What the exercise asks – Return the listing below exactly. Leave its pictures out.

- Opening Delimiter -

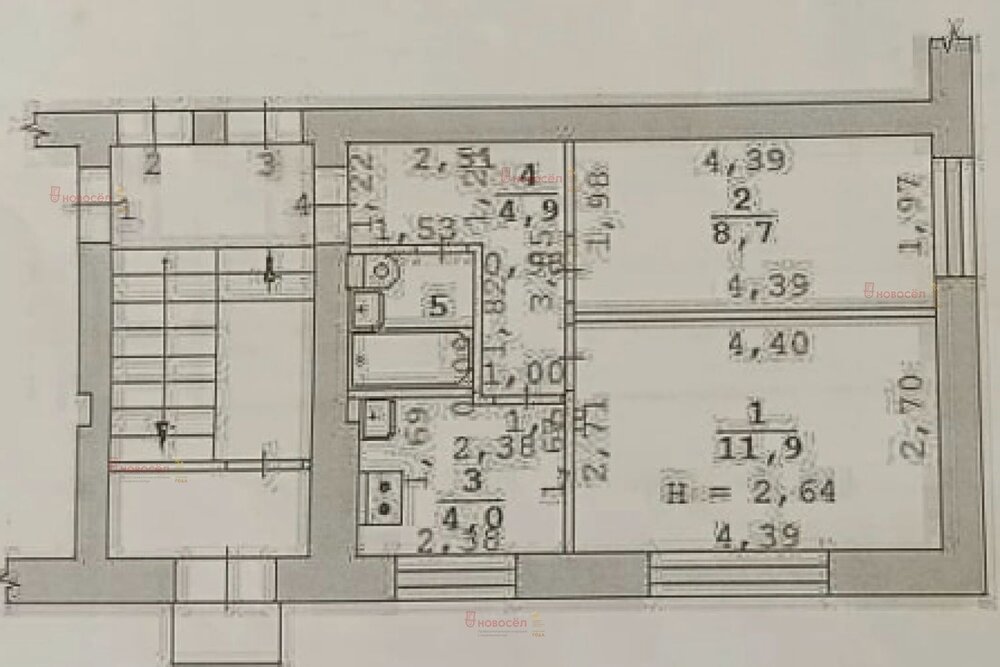 Екатеринбург, ул. Зои Космодемьянской, 46/а (Химмаш) - фото квартиры (1)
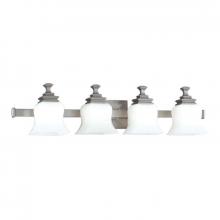 Hudson Valley 5504-SN - 4 LIGHT BATH BRACKET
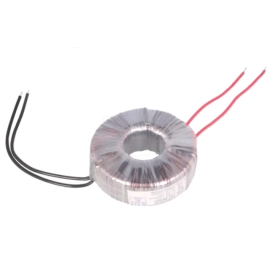 Trafo toroid 80VA 230V/24V 3,33A + pribor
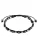 True Rebels Armband  zwart / zilver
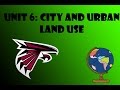 Urban Geography Concepts and Definitions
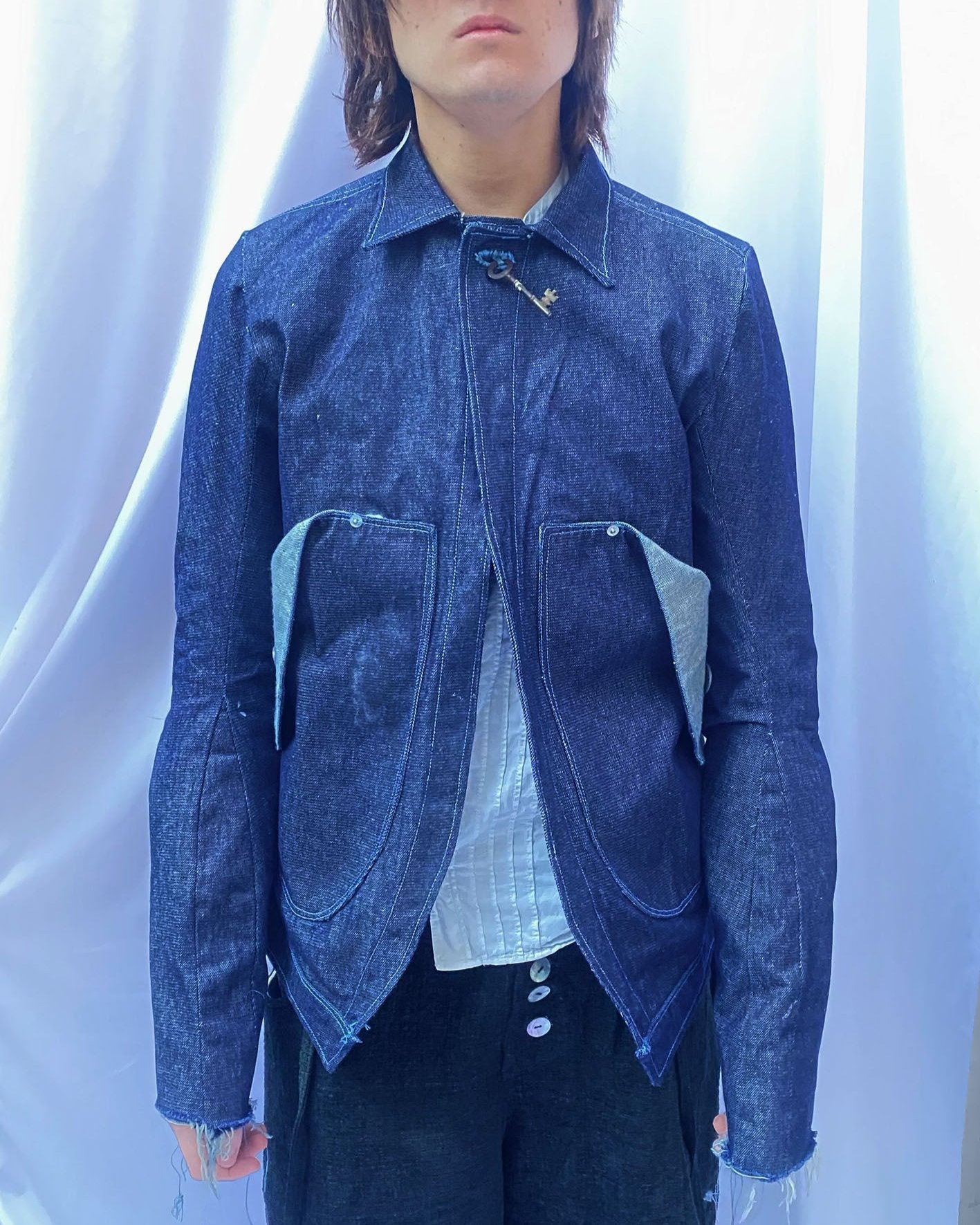 Armoured Denim Jacket
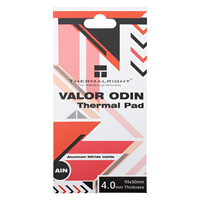 Thermalright 15W/mK VALOR ODIN Pad Thermique 4.0mm 95x50mm Non Conducteur pour Réparation et Reconditionnement Hardware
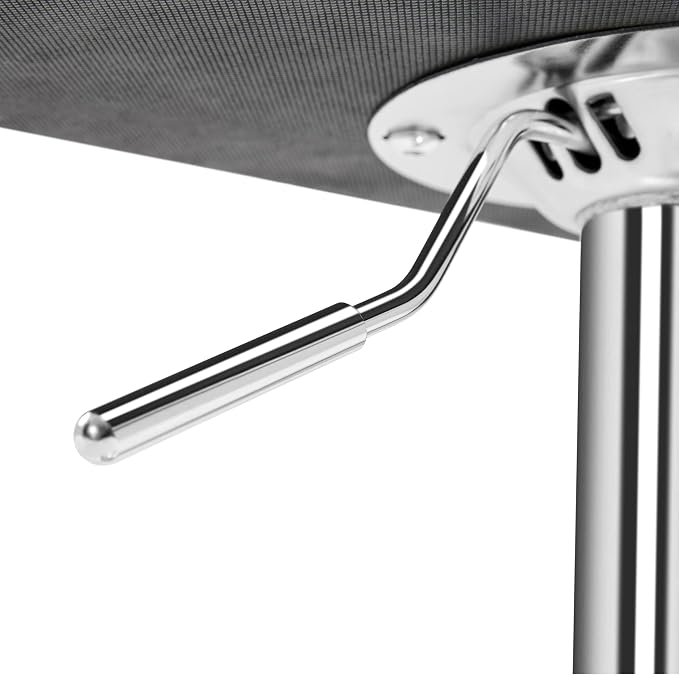 Yaheetech Bart Stools Set of 4, PU Leather Adjustable Barstools - Image 9
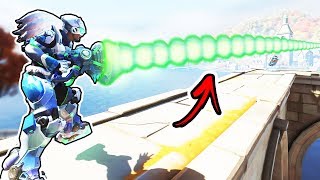 Overwatch but Lucio Shoots LASER BEAMS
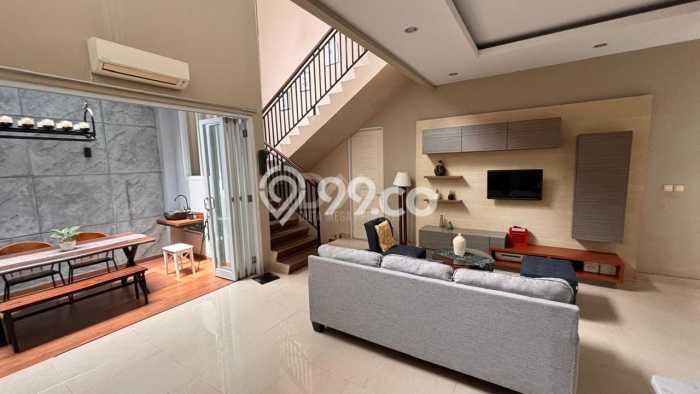 Rumah Luxury Modern Siap Huni di BSD Tangerang Rumah Luxury Modern Siap Huni di BSD Tangerang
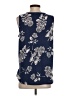 Lularoe Blue Sleeveless Blouse Size S - photo 2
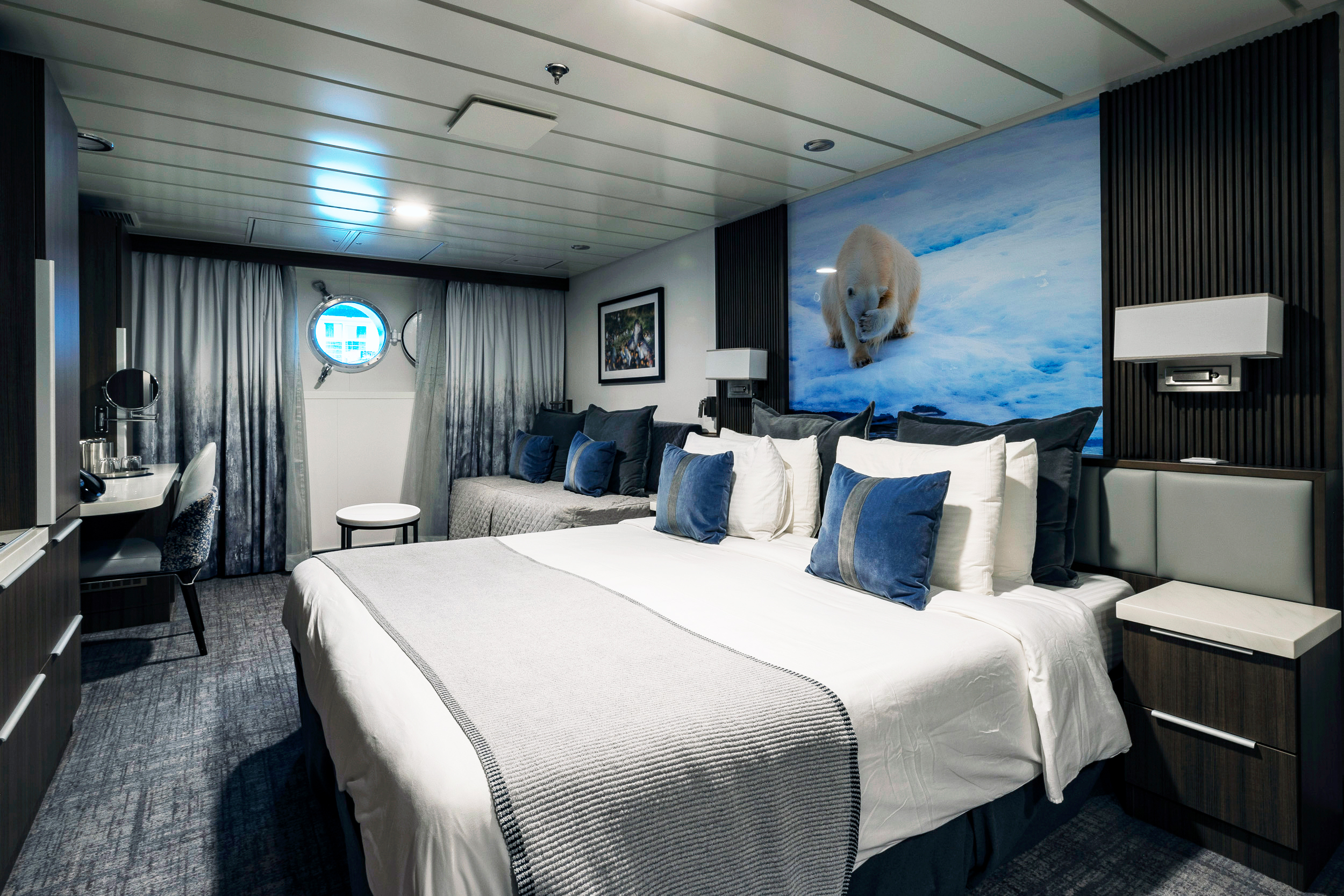 Sylvia Earle Aurora Stateroom Triple Share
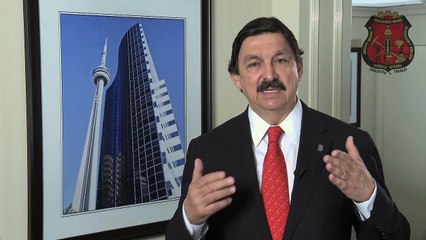 Napoleon Gomez Speaks on Behalf of the IndustriALL Global Union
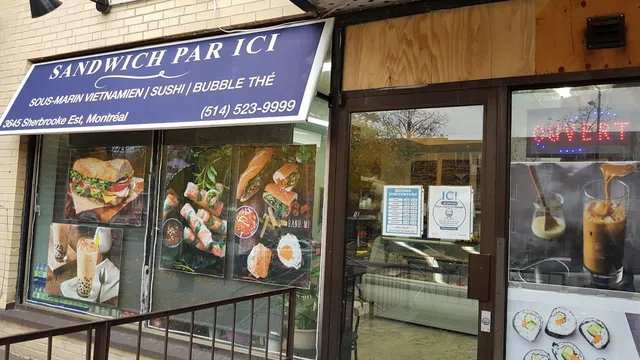 SUSHI SANDWICH PAR ICI - ƁÉLANGER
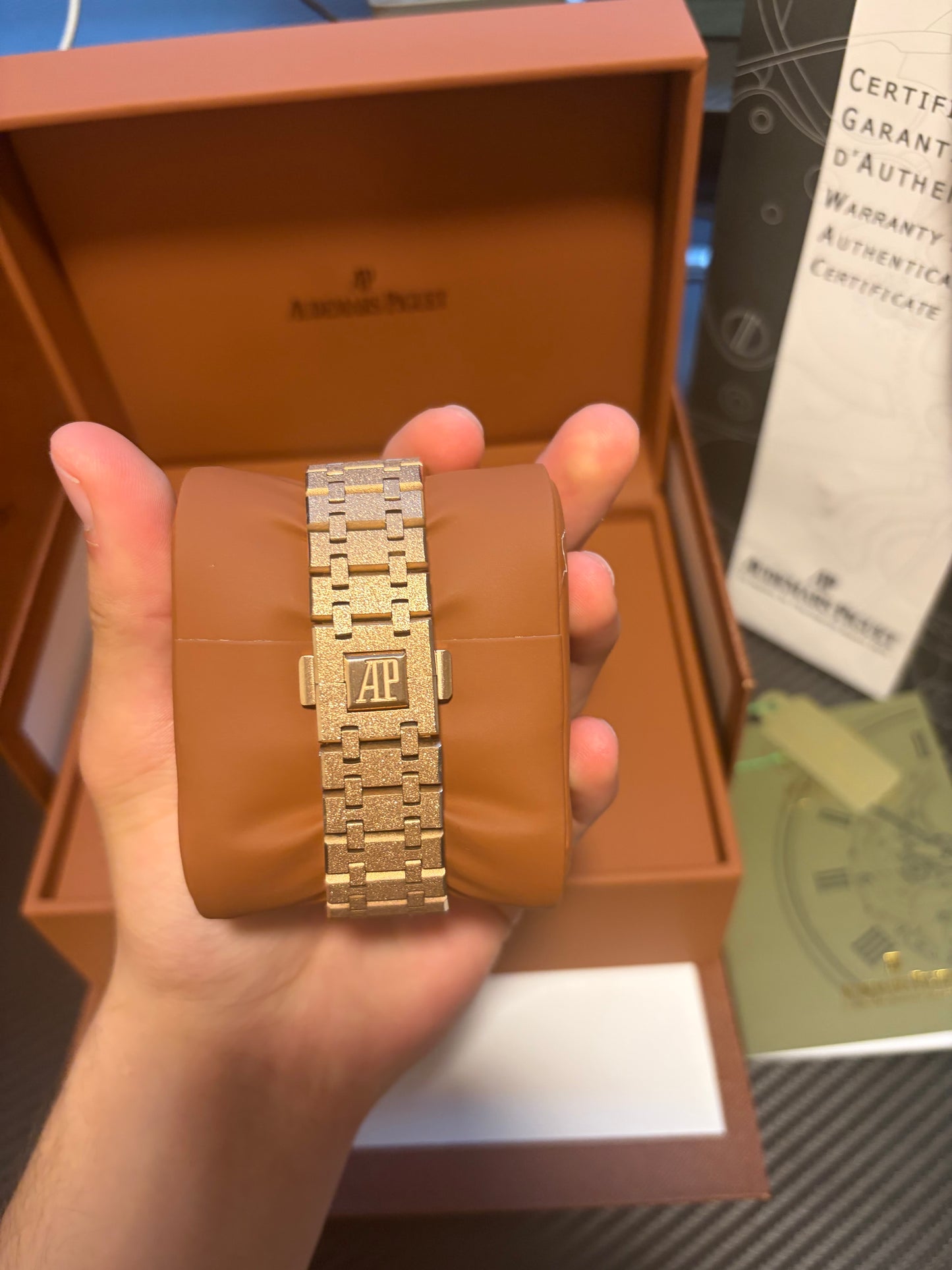 Audemars Piguet Skeleton watch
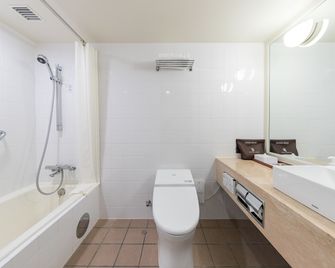 Jr Kyushu Hotel Blossom Fukuoka - Fukuoka - Baño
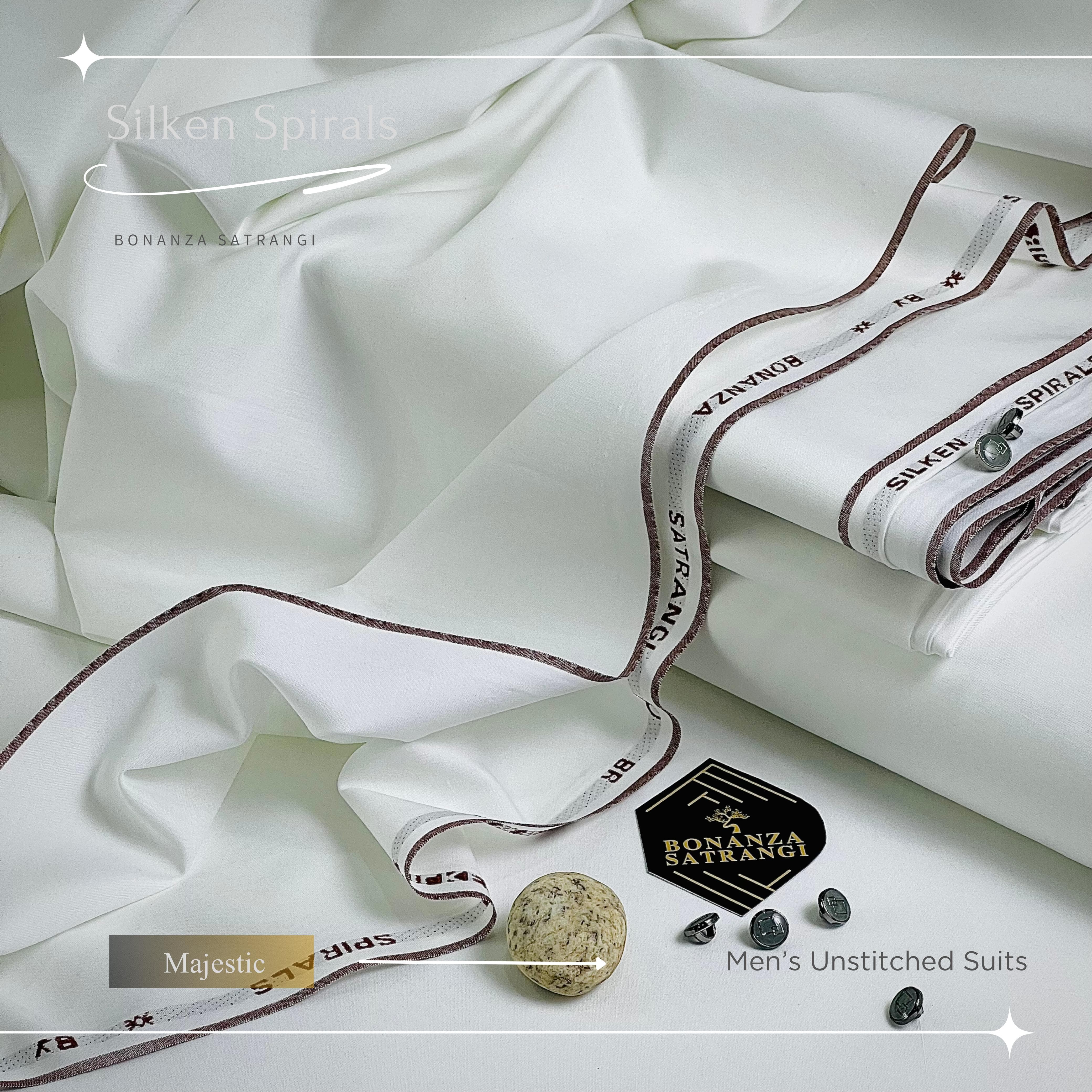 Men's unstitched dress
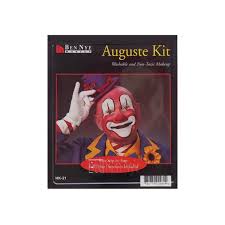 ben nye auguste clown character kit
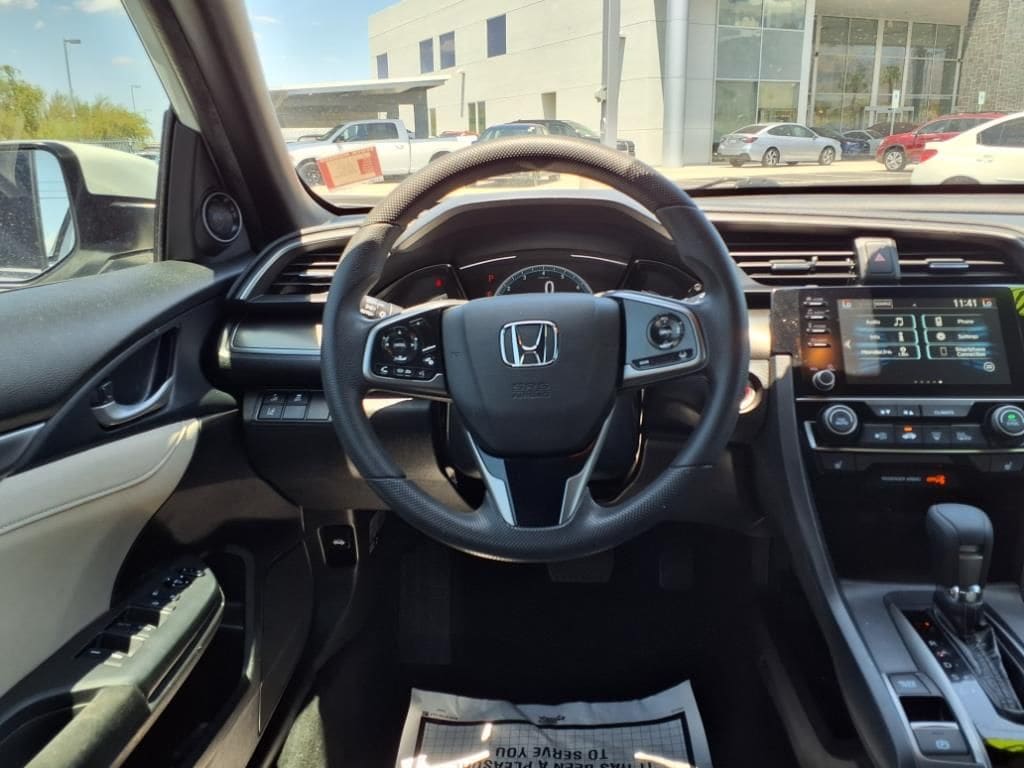 used 2019 Honda Civic car, priced at $19,500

- Closing Delimiter -

Output for this task –
 Екатеринбург, ул. Зои Космодемьянской, 46/а (Химмаш) - фото квартиры (1)
 Hudson Valley 5504-SN - 4 LIGHT BATH BRACKET
 Trafo toroid 80VA 230V/24V 3,33A + pribor
 True Rebels Armband  zwart / zilver
 Urban Geography Concepts and Definitions
 Armoured Denim Jacket
 Thermalright 15W/mK VALOR ODIN Pad Thermique 4.0mm 95x50mm Non Conducteur pour Réparation et Reconditionnement Hardware
 Yaheetech Bart Stools Set of 4, PU Leather Adjustable Barstools - Image 9
 Overwatch but Lucio Shoots LASER BEAMS
 Rumah Luxury Modern Siap Huni di BSD Tangerang Rumah Luxury Modern Siap Huni di BSD Tangerang
 Lularoe Blue Sleeveless Blouse Size S - photo 2
 Sylvia Earle Aurora Stateroom Triple Share
 Napoleon Gomez Speaks on Behalf of the IndustriALL Global Union
 SUSHI SANDWICH PAR ICI - ƁÉLANGER
 Audemars Piguet Skeleton watch
 Jr Kyushu Hotel Blossom Fukuoka - Fukuoka - Baño
 Men's unstitched dress
 ben nye auguste clown character kit
 used 2019 Honda Civic car, priced at $19,500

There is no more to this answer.